# Building a culture of thinking in the classroom

Thursday, 16. September 2021

For many students, math can be intimidating. Students often get stuck behind a rampart of seemingly indecipherable symbols and find themselves shut down, convinced that they can not do math.

Warren Schnack, a Math Teacher in the US System, is working to break down these walls and help students think through math, thereby discovering “aha” moments that profoundly change the way students perceive their abilities to do mathematics.

Drawing heavily on the ideas of Peter Liljedahl, a professor of Education at Simon Fraser University in British Columbia, Canada, Warren is taking an innovative approach to teaching math at the Ecole. Liljedahl‘s book Building Thinking Classrooms presents 14 points that encourage students to think about math which allows deep learning to occur.

The first thing you notice as you walk into Warren’s classroom is a huge amount of energy and sound! The students are working in groups of three, all facing whiteboards or chalkboards, termed Vertical Non-Permanent Surfaces (VNPS), talking with energy and passion about math!

The classroom has also been “defronted” - desks are arranged in random groups of three.

Warren begins his class with a highly engaging math problem - something exciting, challenging yet approachable that gets the students working together. As students work through their problems in groups of three, they experiment on their VNPS - this way their work is visible to Warren as well as to their classmates.

As they work, students are encouraged to share ideas and build on the knowledge of their peers. Groups can mix, borrowing ideas, making suggestions and offering support. Warren wanders around the classroom, offering “keep thinking” ideas, and a judicious use of hints designed to help students along their thinking process, and highlighting key discoveries that students have made.

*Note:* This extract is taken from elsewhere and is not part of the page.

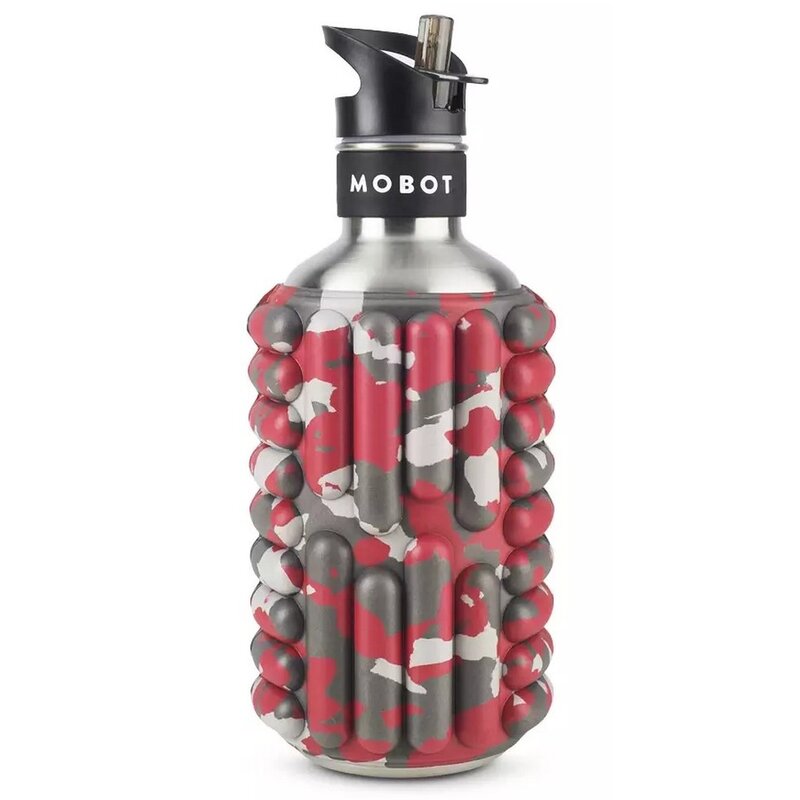 Roller MOBOT Big Bertha Moro czerwony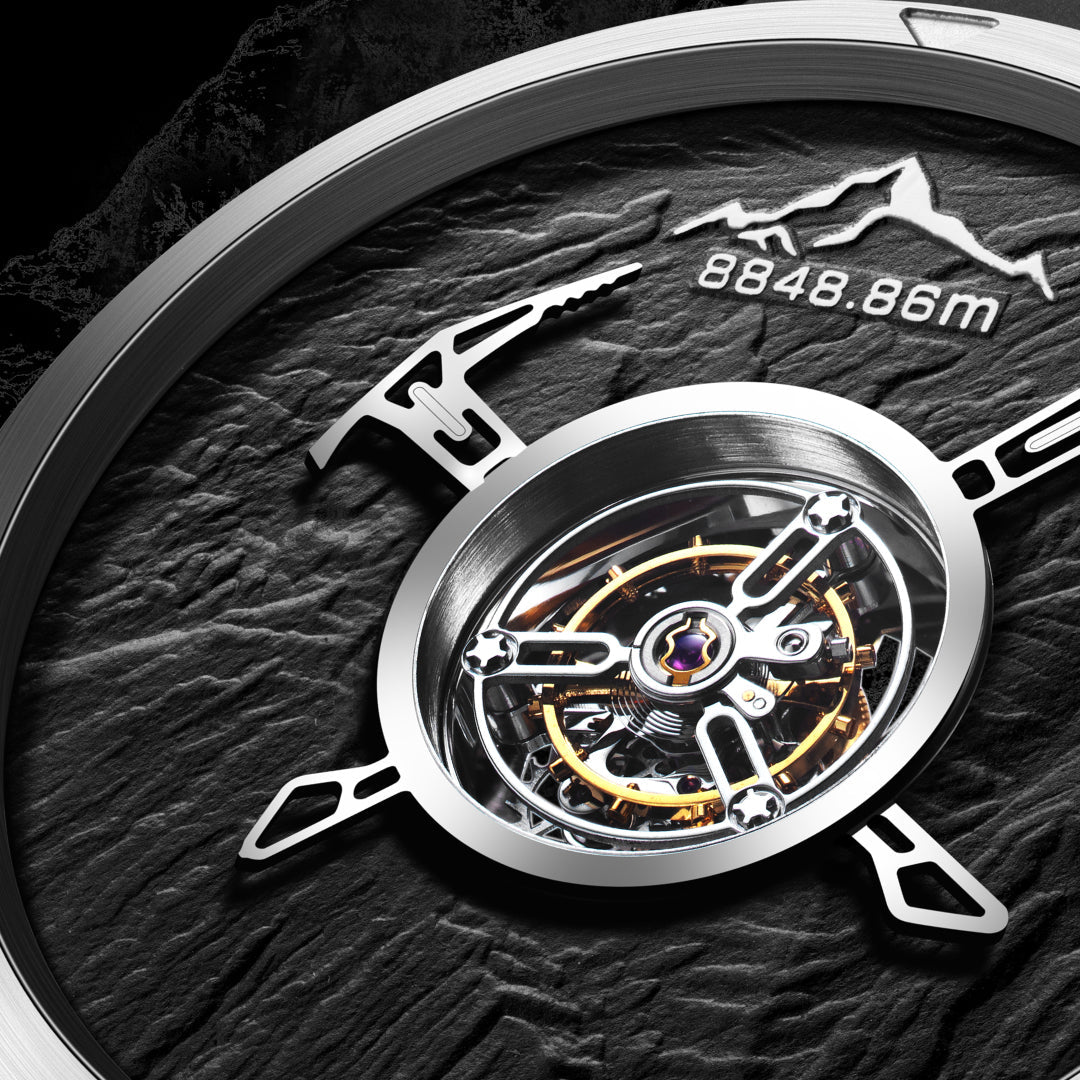 CIGA Design Tourbillon Everest Summit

At the end of the class, Warren may provide a quick self-assessment - he gives the students a problem to solve designed to check the students’ understanding of a particular concept. Here, the intention is to show the students where they are in the learning process.

In Warren’s math class, the positivity and energy are truly palpable. Students are engaging with math, thinking through problems, asking questions, testing hypotheses, and building on one another’s knowledge. They get to experience the true magic of an ‘aha’ moment, proving to themselves that math is the good kind of challenging, that it’s fun to think about numbers, that they can, indeed, do math.